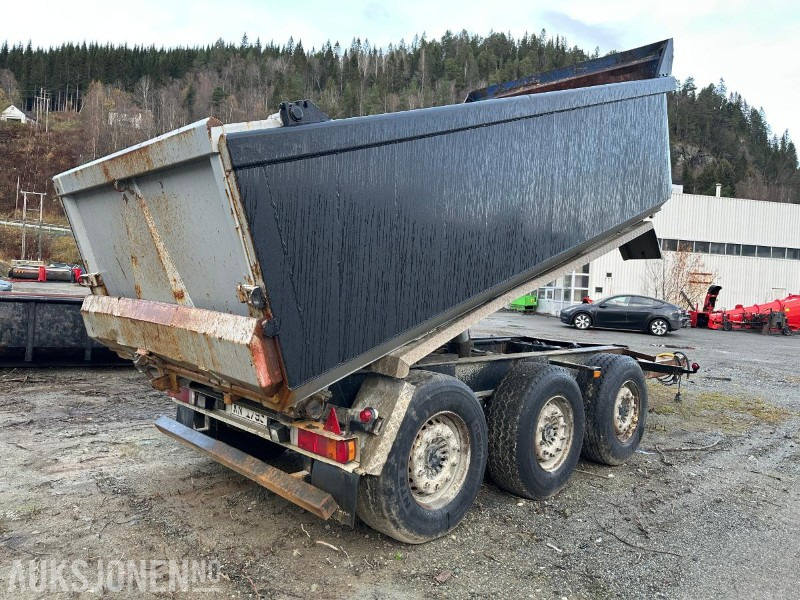 2005 Maur Bilpåbygg tippkjerre / trippelkjerre - Aanhangwagen: afbeelding 3 2005 Maur Bilpåbygg tippkjerre / trippelkjerre - Aanhangwagen: afbeelding 3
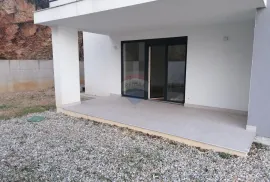 Crikvenica, Crikvenica stan 2S + DB 73m2 u urbanoj novogradnji sa vrtom od 133m2, Crikvenica, Stan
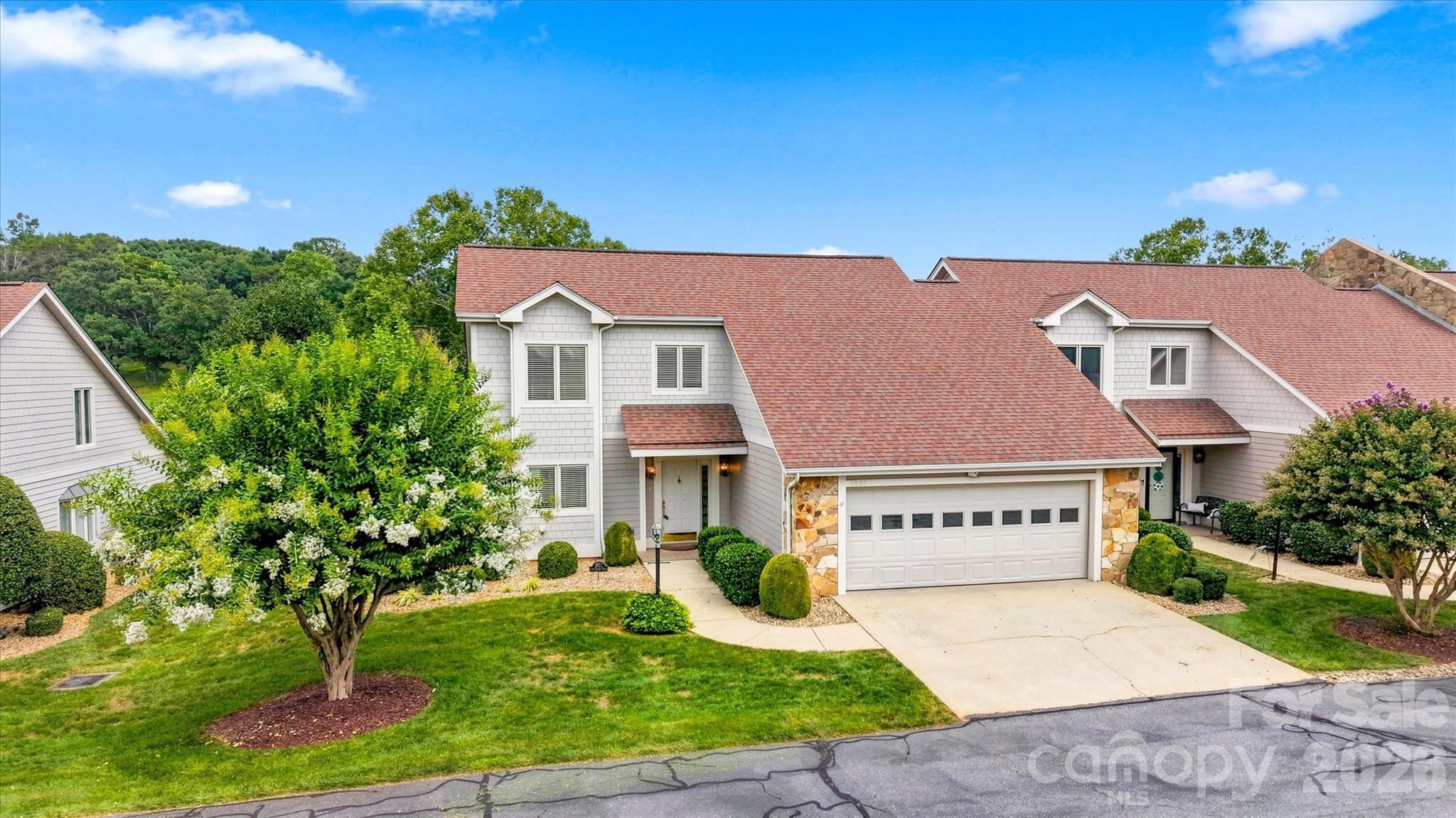 3823 ROCK BRIDGE Drive NE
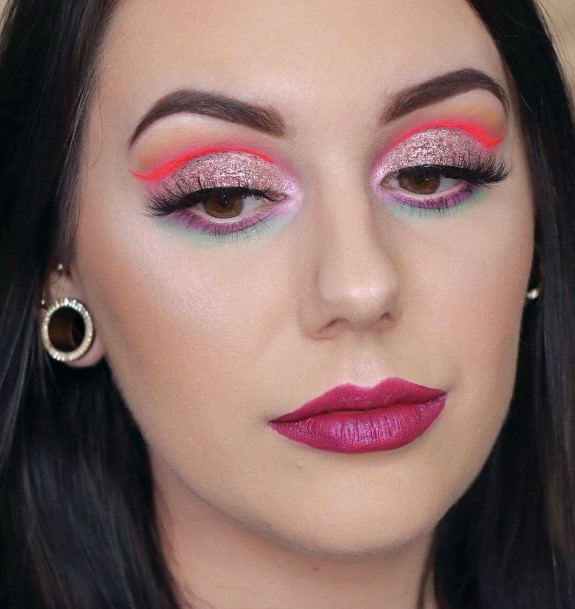 Sparkling Neon Eye Makeup Looks For Women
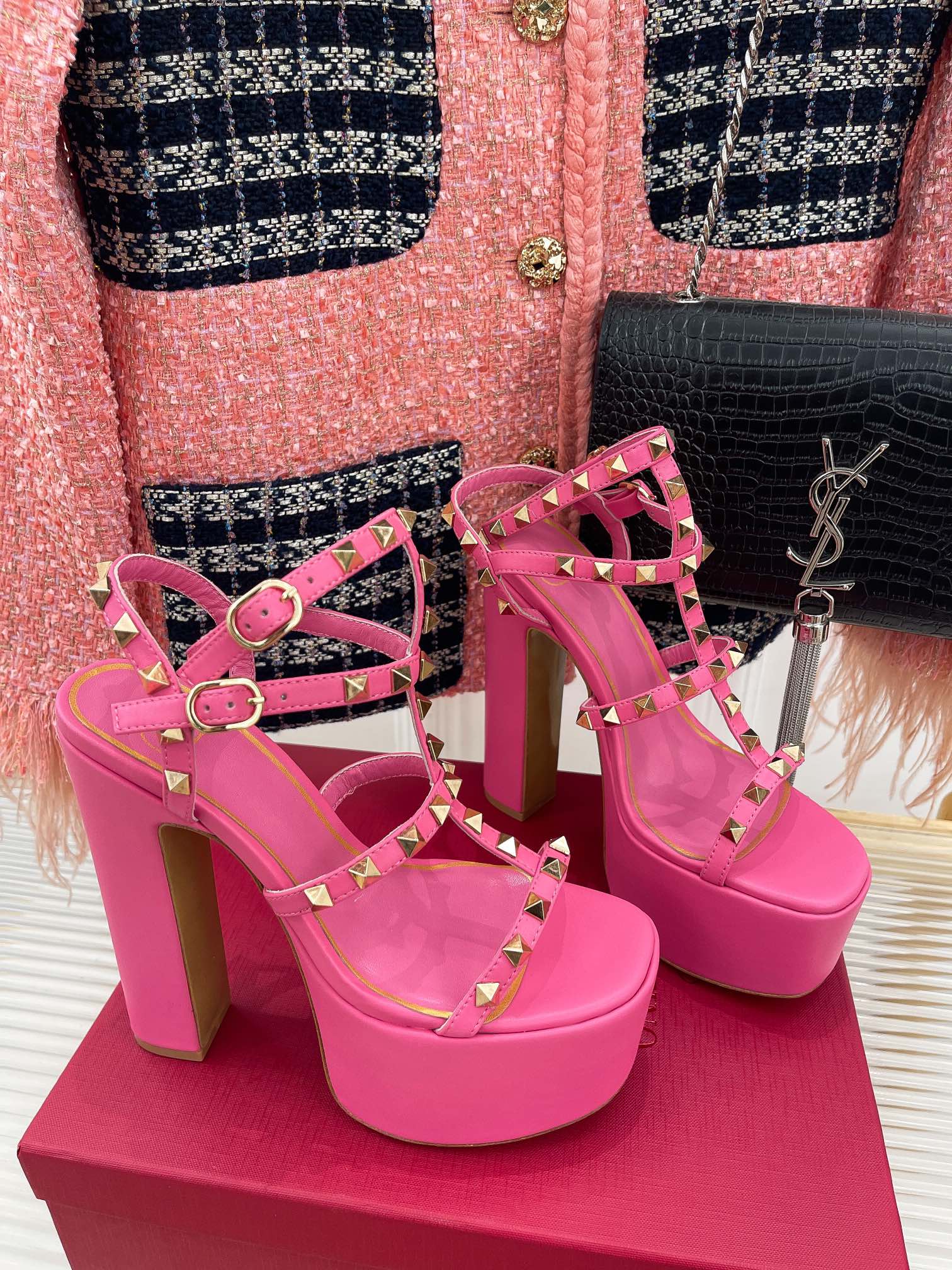 Босоножки на высокой платформе Valentino с заклепками — розовые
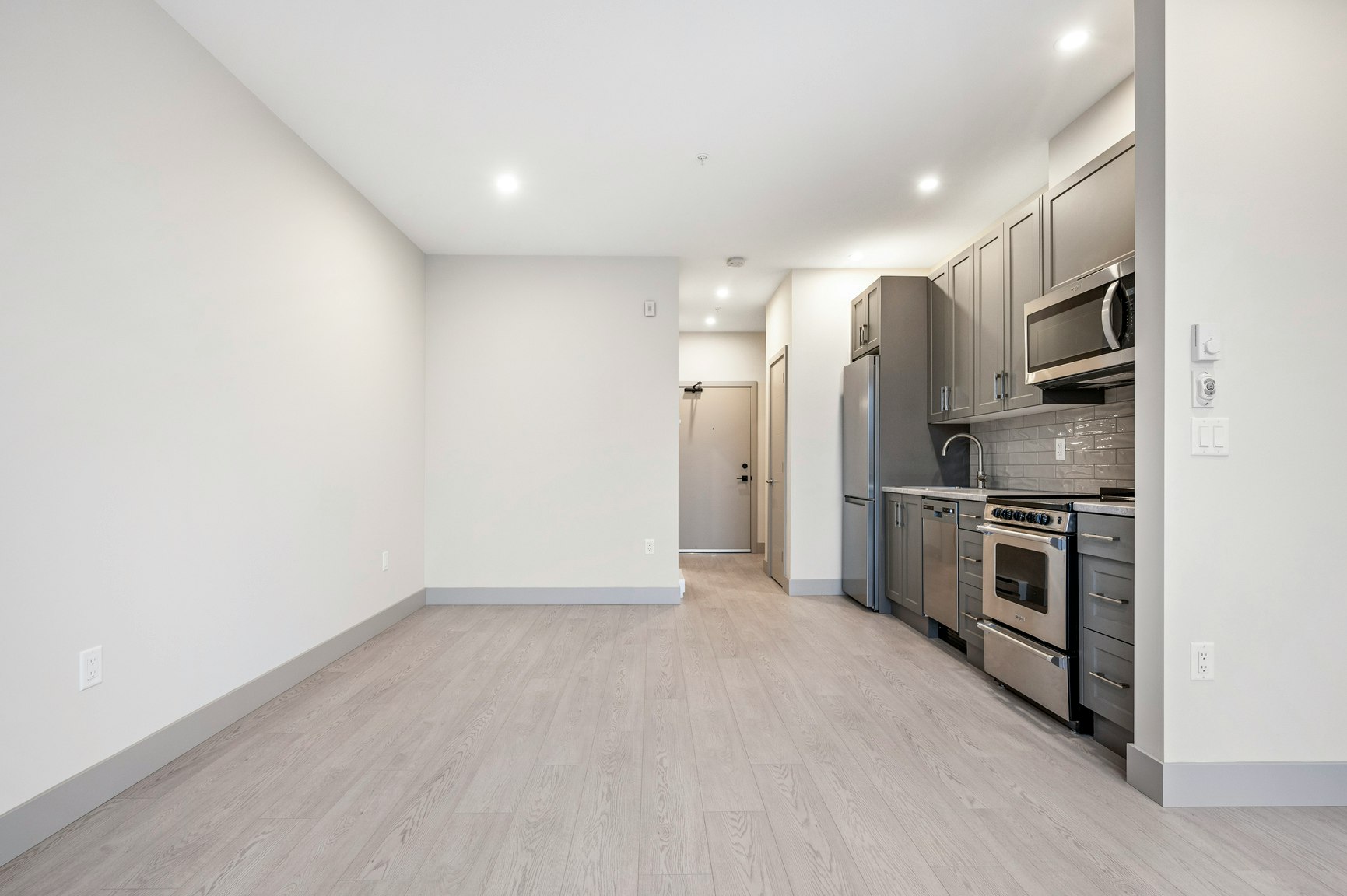 45547 Knight Road, Chilliwack, BC, V2R 3E8 - 10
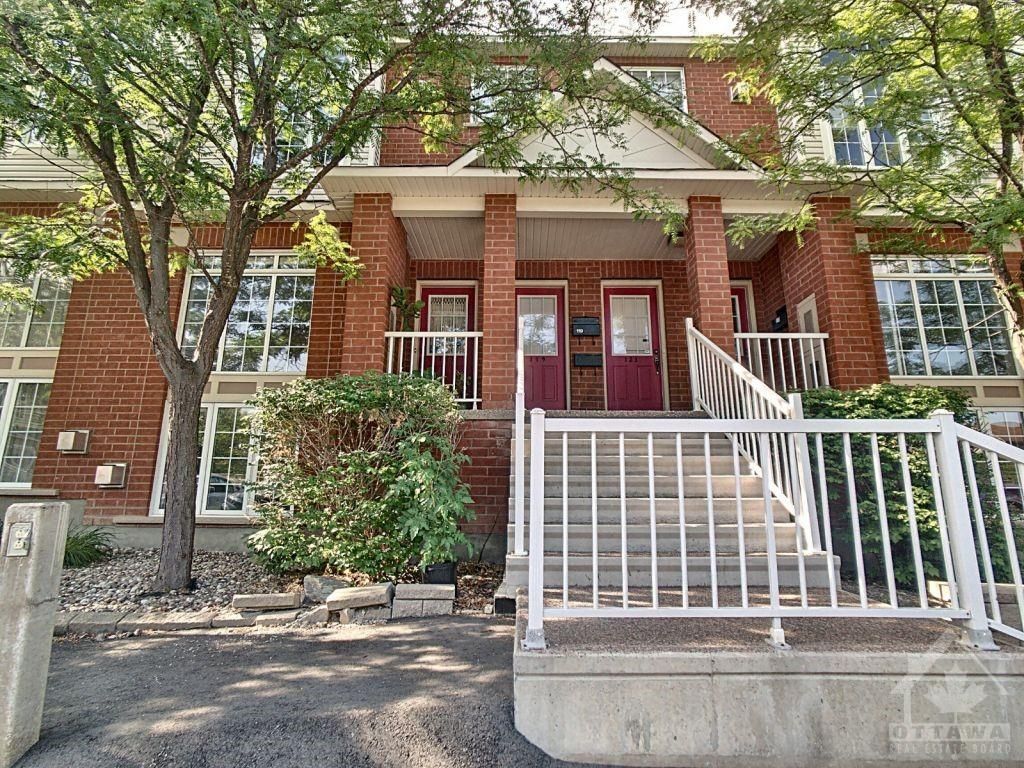 Main Photo: 121 Gatestone Private in Ottawa: Gloucester Residential for sale : MLS®# 1253675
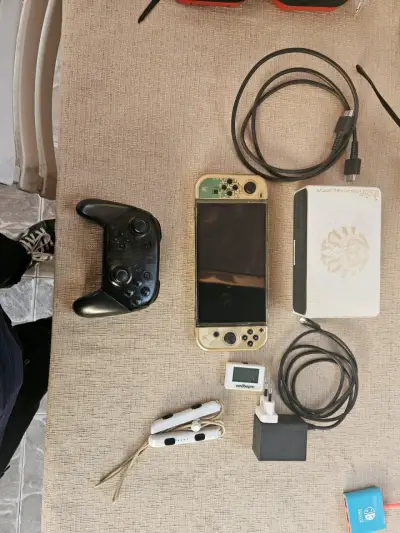 Nintendo Switch OLED Edición Zelda con accesorios - miniatura 2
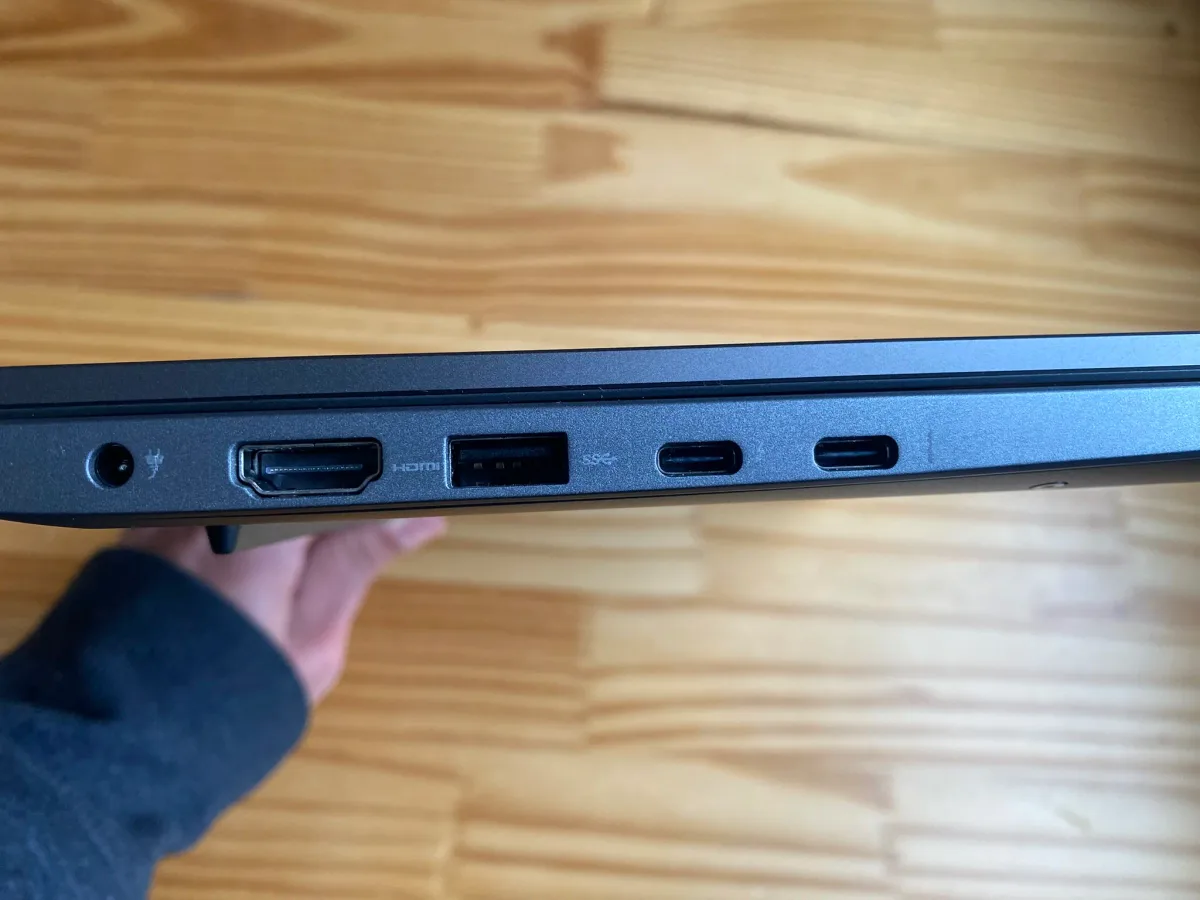 Por que algumas portas USB têm o símbolo de uma bateria ao lado?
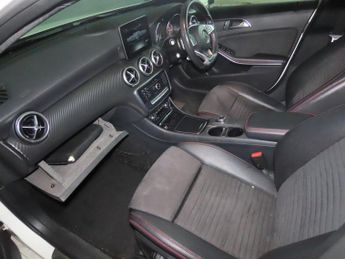 MERCEDES-BENZ A-CLASS 1.6 A180 AMG Line Hatchback 5dr Petrol 7G-DCT Euro 6 (s/s) (122 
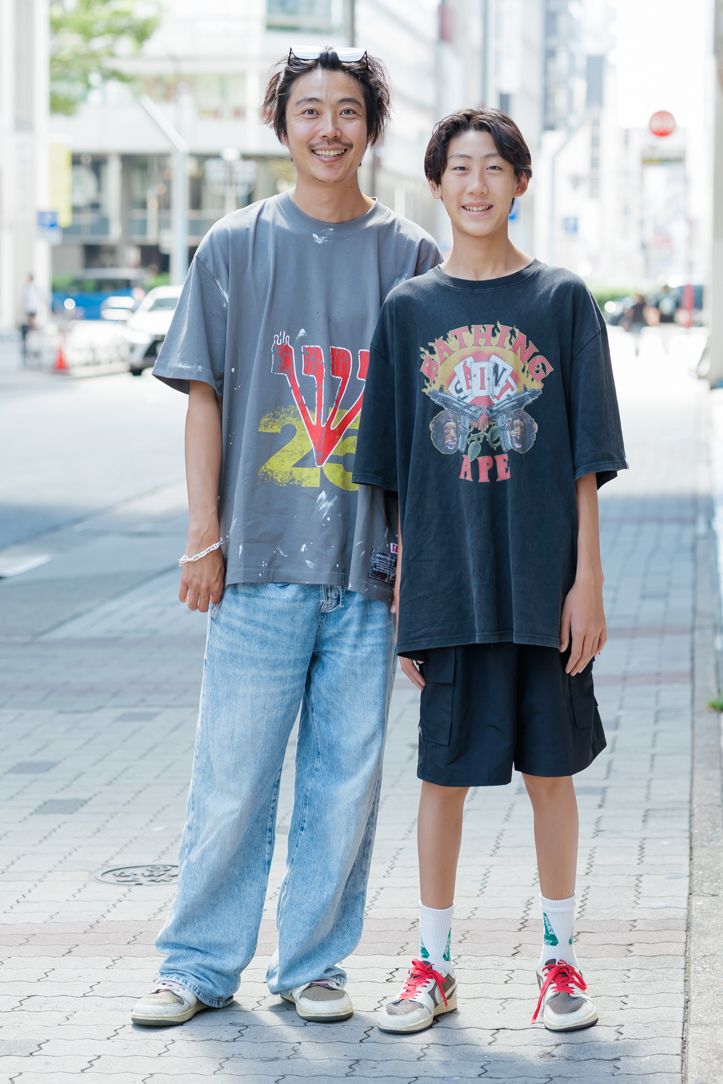 Tシャツ＝トリプルアール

> [ASSIGNED TASK] Please output every entry above exactly, without the pictures.

> [SOLUTION TO THIS TASK]
 2005 Maur Bilpåbygg tippkjerre / trippelkjerre - Aanhangwagen: afbeelding 3 2005 Maur Bilpåbygg tippkjerre / trippelkjerre - Aanhangwagen: afbeelding 3
 Crikvenica, Crikvenica stan 2S + DB 73m2 u urbanoj novogradnji sa vrtom od 133m2, Crikvenica, Stan
 3823 ROCK BRIDGE Drive NE
 Sparkling Neon Eye Makeup Looks For Women
 Босоножки на высокой платформе Valentino с заклепками — розовые
 45547 Knight Road, Chilliwack, BC, V2R 3E8 - 10
 Main Photo: 121 Gatestone Private in Ottawa: Gloucester Residential for sale : MLS®# 1253675
 Nintendo Switch OLED Edición Zelda con accesorios - miniatura 2
 Por que algumas portas USB têm o símbolo de uma bateria ao lado?
 MERCEDES-BENZ A-CLASS 1.6 A180 AMG Line Hatchback 5dr Petrol 7G-DCT Euro 6 (s/s) (122 
 Tシャツ＝トリプルアール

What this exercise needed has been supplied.